With a little imagination, one could liken the instrument to a clamshell. The deployed reflector/antenna makes up the top shell, the sunshade the bottom shell, and the primary structure resides in the middle, as the body of the "clam." Unlike a clam, however, Aquarius concerns itself not with the ocean bottom, but instead with its surface.
As we mentioned earlier, it exists for a single purpose—to measure the salinity (the concentration of salt) at the uppermost inches of the world's oceans. More accurately, as days turn to months and then years and Aquarius has surveyed each section of ocean multiple times, NASA scientists will use its data to determine the degree to which that salinity has changed.
It does this because ocean salinity is a key indicator of ocean circulation, and a more thorough knowledge of ocean circulation will help us better understand the planet's water cycle (essentially how precipitation, evaporation, ice melt, and river runoff move water around the planet). If we can come to grips with that, we'll not only improve predictions of future climate trends and short-term climate events such as El Niño and La Niña, but also gain important insight into climate change.
A salinity study of this magnitude has never before been attempted.

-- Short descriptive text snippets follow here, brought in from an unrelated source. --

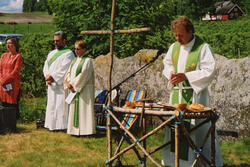 Åtte bilde frå gudsteneste på Gårahaugen i 1997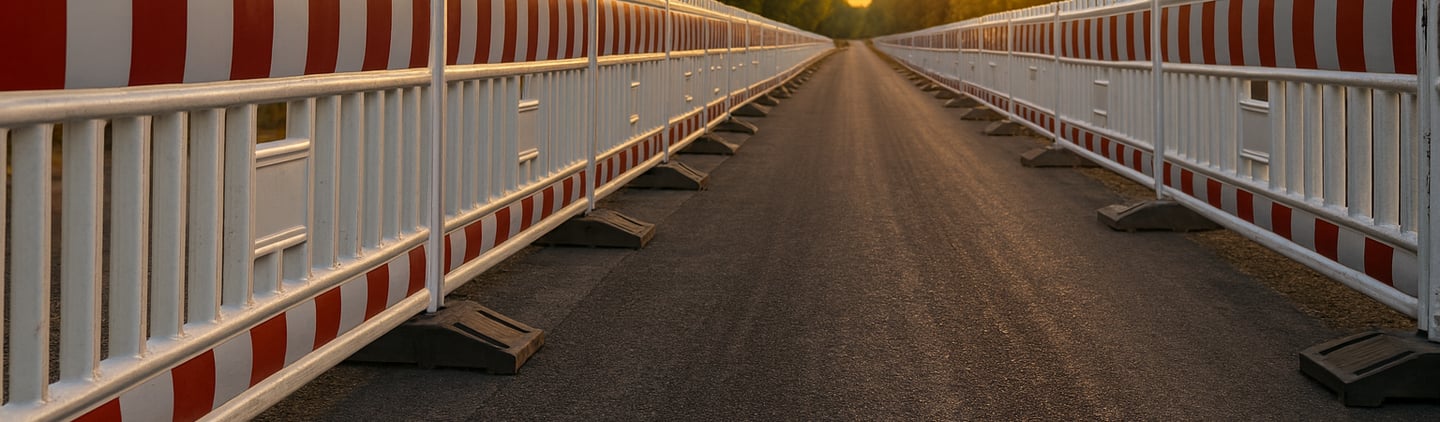 Baustellenabsperrung entlang Straße – UFT Bau GmbH Baustellensicherung Berlin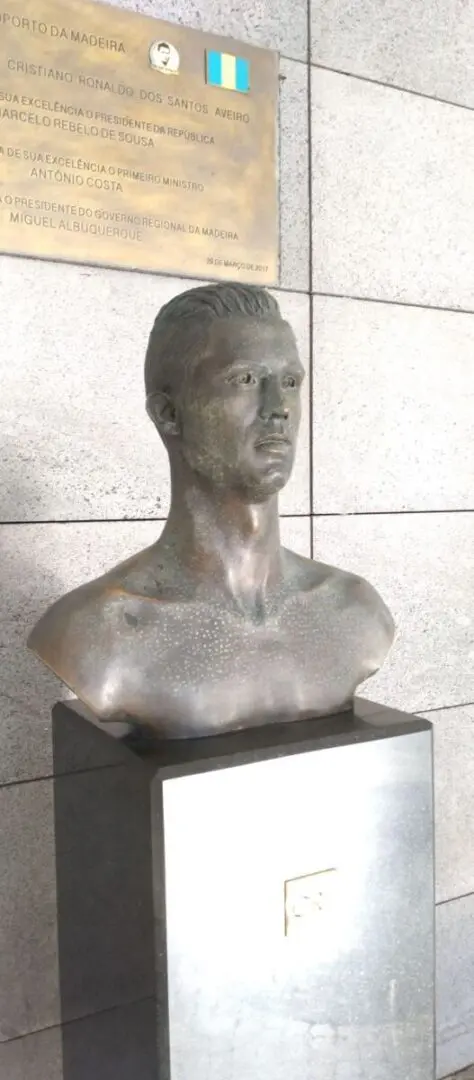 Chegada ao Aeroporto Internacional da Madeira Cristiano Ronaldo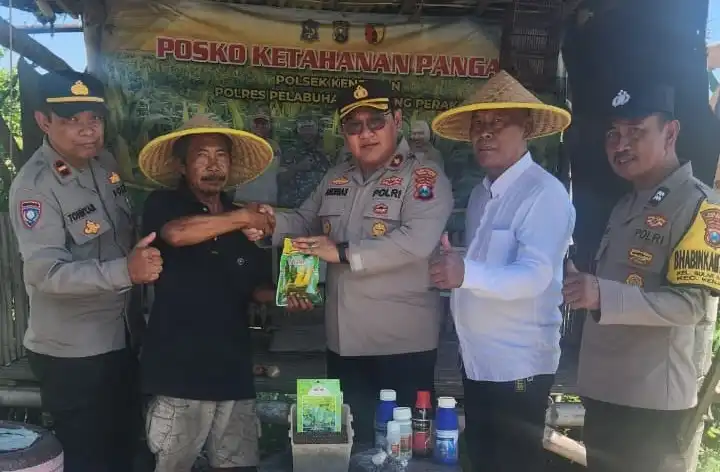 Polsek Kenjeran Salurkan Bibit dan Obat Hama untuk Dukung Ketahanan Pangan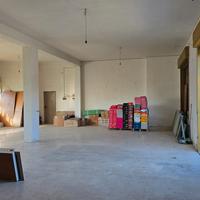 Grande magazzino per deposito, uffici o altre atti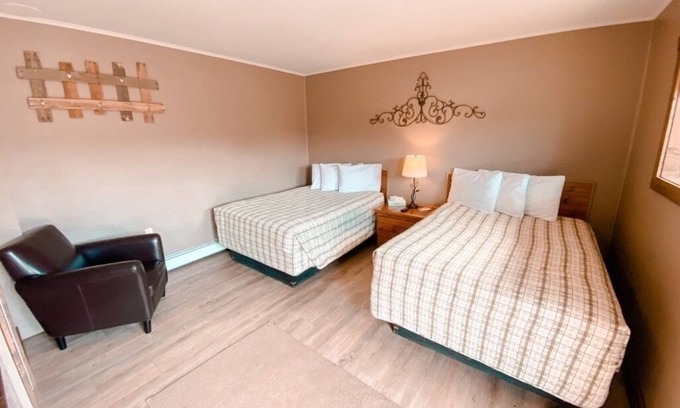 Oak Creek Wohnung | Relaxing Getaway in our Woodsy Deluxe Room at Lodges of Oak Creek!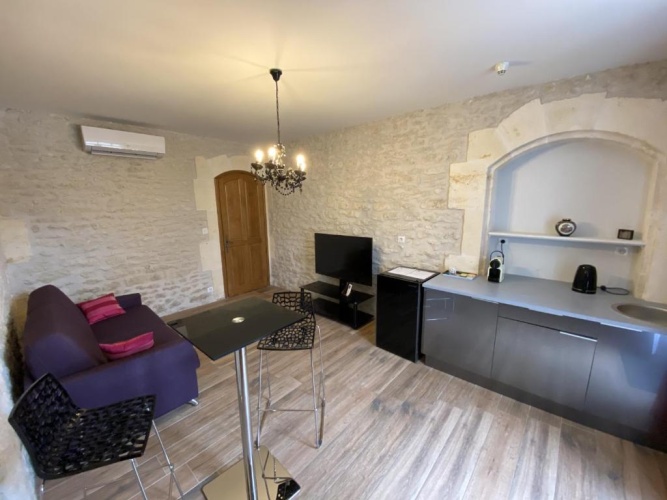 1 Bedroom Suite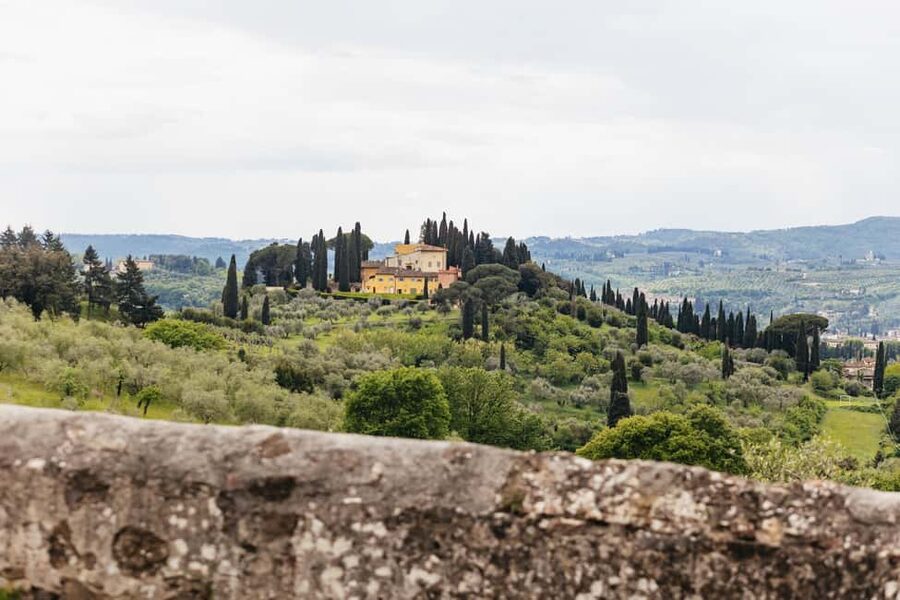 From Florence: Tuscan Countryside Vespa Tour with Tastings - Meeting at Santa Maria Novella and getting set up fast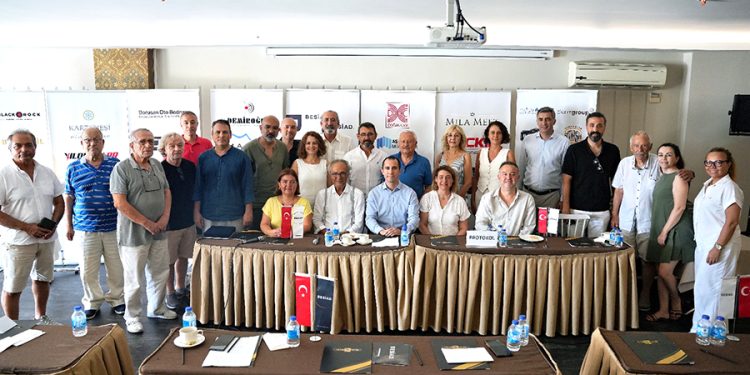 Ünlü Ekonomist Asaf Savaş Akat BESİAD Üyeleriyle buluştu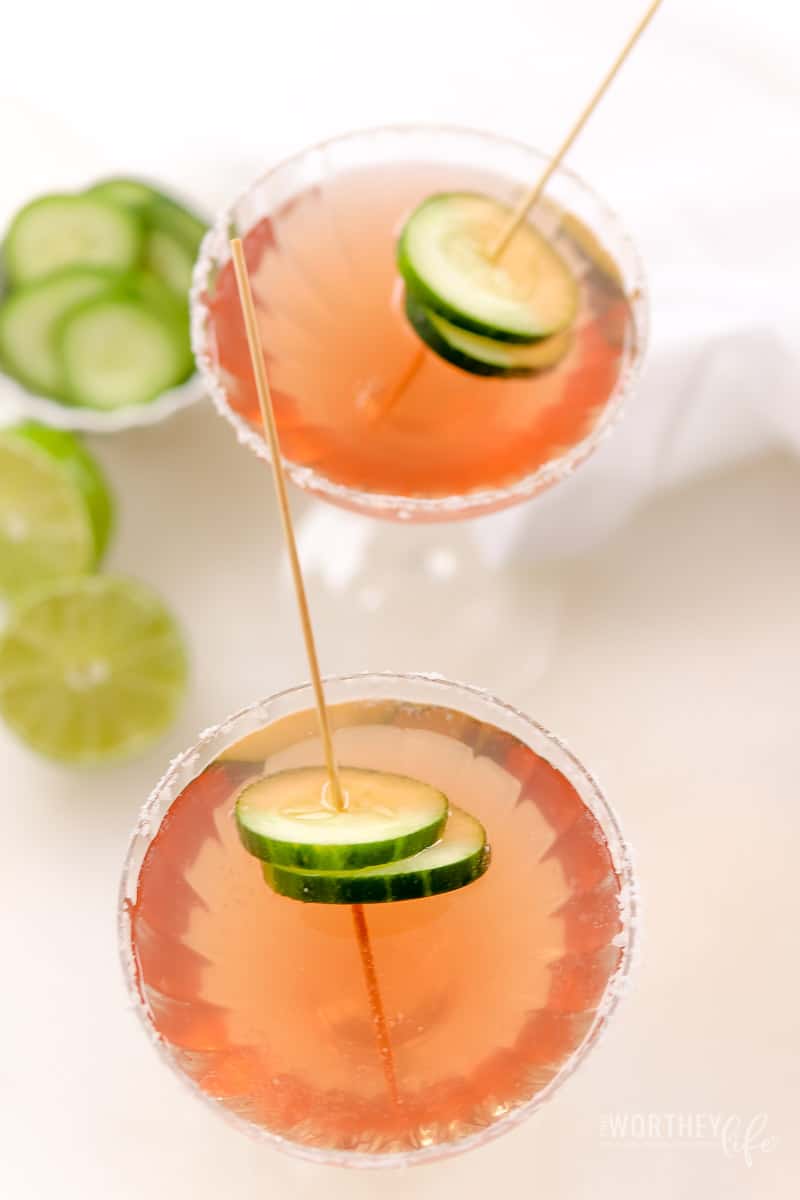 Non Alcoholic Drinks + Mocktail Ideas To Serve At Parties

Though satellites have and are being used to measure sea surface temperature, winds, rainfall, water vapor, and sea level, ocean surface salinity measurements have generally been limited to bits and pieces of data taken from ships, buoys, and a small number of in-atmosphere airborne science campaigns.
Aquarius, conversely, is an ocean-scanning mega-machine of such proportions that NASA claims it will collect as many sea surface salinity measurements as the entire 125-year historical record from ships and buoys. And that's just within its first few months of operation.
At the forefront of the instrument is something called a "radiometer." To be more specific, a passive microwave radiometer. The Aquarius has three of them in total, each measuring microwave emissions from the sea surface at 1.4GHz in the L-band portion of the electromagnetic spectrum. The more salinity that resides in a given bit of ocean, the greater its "emissivity" and the more powerfully the signal is radiated.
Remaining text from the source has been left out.